EL GATO CON BOTAS CON PUNTA DE ACERO
Mi gato ronronea cuando lo acaricio, mis botas brillan cuando las lustro. Mis botas no se dejan pasar trapo: quieren salir a caminar. A mis botas las tengo doce años, a mi gato nueve meses. Mi gato tiene siete vidas y mis botas doce leguas. Mi gato no se deja peinar, me quiere rasguñar. Mi gato tiene el pelo esponjoso: siento su suavidad deslizándose bajo mis dedos.

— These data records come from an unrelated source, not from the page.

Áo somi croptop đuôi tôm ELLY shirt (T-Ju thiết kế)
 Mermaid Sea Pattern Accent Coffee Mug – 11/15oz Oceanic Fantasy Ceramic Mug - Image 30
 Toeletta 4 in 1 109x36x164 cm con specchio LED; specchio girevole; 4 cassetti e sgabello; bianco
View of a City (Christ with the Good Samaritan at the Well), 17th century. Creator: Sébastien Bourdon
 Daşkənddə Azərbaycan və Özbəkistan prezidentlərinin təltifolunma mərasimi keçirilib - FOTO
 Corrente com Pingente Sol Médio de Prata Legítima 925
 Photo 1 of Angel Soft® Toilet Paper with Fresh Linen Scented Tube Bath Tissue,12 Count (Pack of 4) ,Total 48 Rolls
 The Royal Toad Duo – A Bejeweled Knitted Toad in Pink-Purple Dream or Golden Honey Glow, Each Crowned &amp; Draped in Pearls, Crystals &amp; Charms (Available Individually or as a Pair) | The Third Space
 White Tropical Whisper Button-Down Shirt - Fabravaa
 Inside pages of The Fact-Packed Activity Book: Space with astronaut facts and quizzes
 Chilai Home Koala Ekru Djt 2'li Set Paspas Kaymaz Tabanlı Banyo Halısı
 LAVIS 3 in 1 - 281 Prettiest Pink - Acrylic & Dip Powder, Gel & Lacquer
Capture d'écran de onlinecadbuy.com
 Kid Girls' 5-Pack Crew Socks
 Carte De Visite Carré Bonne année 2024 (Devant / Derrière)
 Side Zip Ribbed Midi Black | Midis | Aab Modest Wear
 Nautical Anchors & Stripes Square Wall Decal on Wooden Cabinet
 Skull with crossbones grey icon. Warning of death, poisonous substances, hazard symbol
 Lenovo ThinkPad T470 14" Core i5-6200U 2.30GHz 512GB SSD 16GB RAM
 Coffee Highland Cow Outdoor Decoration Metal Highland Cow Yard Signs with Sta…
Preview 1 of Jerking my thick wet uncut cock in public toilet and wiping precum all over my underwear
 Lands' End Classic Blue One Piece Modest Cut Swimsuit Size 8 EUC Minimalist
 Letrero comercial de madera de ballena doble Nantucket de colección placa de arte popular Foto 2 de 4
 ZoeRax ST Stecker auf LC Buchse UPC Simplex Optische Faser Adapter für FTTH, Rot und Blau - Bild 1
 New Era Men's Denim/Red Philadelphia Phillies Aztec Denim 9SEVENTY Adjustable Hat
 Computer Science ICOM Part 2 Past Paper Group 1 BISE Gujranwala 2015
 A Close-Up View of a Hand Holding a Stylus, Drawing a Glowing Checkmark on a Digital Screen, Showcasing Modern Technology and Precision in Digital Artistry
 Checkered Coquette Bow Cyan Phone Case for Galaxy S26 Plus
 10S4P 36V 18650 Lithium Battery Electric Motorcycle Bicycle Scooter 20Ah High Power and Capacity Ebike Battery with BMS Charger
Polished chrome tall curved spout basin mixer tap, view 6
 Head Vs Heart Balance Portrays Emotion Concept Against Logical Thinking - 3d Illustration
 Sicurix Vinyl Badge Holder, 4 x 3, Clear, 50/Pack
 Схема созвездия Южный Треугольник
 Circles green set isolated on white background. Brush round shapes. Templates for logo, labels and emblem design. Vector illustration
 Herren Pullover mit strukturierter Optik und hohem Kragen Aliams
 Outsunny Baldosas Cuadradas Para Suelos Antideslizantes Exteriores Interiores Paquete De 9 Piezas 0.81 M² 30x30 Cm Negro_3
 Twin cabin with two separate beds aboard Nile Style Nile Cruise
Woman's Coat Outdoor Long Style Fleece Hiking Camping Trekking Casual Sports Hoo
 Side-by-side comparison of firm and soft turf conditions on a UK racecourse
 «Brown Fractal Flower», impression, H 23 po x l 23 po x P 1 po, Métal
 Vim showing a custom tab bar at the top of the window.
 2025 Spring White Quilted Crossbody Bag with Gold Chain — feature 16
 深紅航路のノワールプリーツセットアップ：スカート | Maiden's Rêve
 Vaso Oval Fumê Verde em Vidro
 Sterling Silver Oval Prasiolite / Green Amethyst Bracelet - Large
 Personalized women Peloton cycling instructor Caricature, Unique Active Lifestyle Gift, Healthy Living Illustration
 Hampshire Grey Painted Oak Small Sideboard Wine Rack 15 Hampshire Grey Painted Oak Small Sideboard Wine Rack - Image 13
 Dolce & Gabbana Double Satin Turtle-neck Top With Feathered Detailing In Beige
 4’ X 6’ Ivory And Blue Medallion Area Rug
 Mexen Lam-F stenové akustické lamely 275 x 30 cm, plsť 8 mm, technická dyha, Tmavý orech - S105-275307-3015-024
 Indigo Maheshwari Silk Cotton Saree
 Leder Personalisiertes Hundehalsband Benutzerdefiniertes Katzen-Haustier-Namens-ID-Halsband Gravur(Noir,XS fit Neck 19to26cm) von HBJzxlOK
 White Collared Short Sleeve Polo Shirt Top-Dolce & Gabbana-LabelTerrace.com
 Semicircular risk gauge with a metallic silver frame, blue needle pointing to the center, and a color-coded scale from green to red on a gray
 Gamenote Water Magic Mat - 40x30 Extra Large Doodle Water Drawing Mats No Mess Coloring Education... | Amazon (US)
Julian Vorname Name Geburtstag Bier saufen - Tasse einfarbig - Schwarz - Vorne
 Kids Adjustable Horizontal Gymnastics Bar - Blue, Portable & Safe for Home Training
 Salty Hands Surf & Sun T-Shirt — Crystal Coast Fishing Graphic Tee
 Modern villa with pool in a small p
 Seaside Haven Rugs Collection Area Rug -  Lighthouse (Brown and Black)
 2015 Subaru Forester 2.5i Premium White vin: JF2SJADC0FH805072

Anteriormente mis botas se peleaban entre ellas: se quejaban que a una la lustraba más que a la otra. Ahora los resentimientos y los celos los carga mi gato; no es para menos: mi gato sube a mi regazo cada vez que las lustro y no me deja maniobrar el paño con fuerza. El gato demanda cariño: mis botas que les saque brillo.
Cuando no los veo mi gato juega con mis botas, las araña, las muerde; ellas gritan en silencio y sudan betún por las costuras. Mi gato se refriega sobre ellas, las llena de motas de pelo. Les quita el brillo y las opaca, pero el sonso se delata y ensucia su pálido pelaje con el oscuro betún.
A pesar de todo somos felices los cuatro. Me consuela el presente: saber que los tengo a mi lado. Sé que con el tiempo mi gato crecerá y me dejará; y mis botas y yo algún día dejaremos de andar. Pero hoy estamos juntos y es lo que vale.
Como dos reos cansados del encierro mis botas esperan ansiosas que las calce nuevamente para salir a caminar por el patio. Mi gato sube sobre mi hombro pone sus patas delanteras sobre mi sombrero, otea alrededor y me urge a avanzar. Somos felices los cuatro viendo el mundo bajo mis pies desfilar. Los caminos son un desafío y el mundo baila a nuestro compás.
Hoy día desperté y he visto a mi gato calzando mis botas con punta de acero partiendo lejos de mi lado yendo a buscar nuevos mundos. Creo que la leyenda se repite otra vez.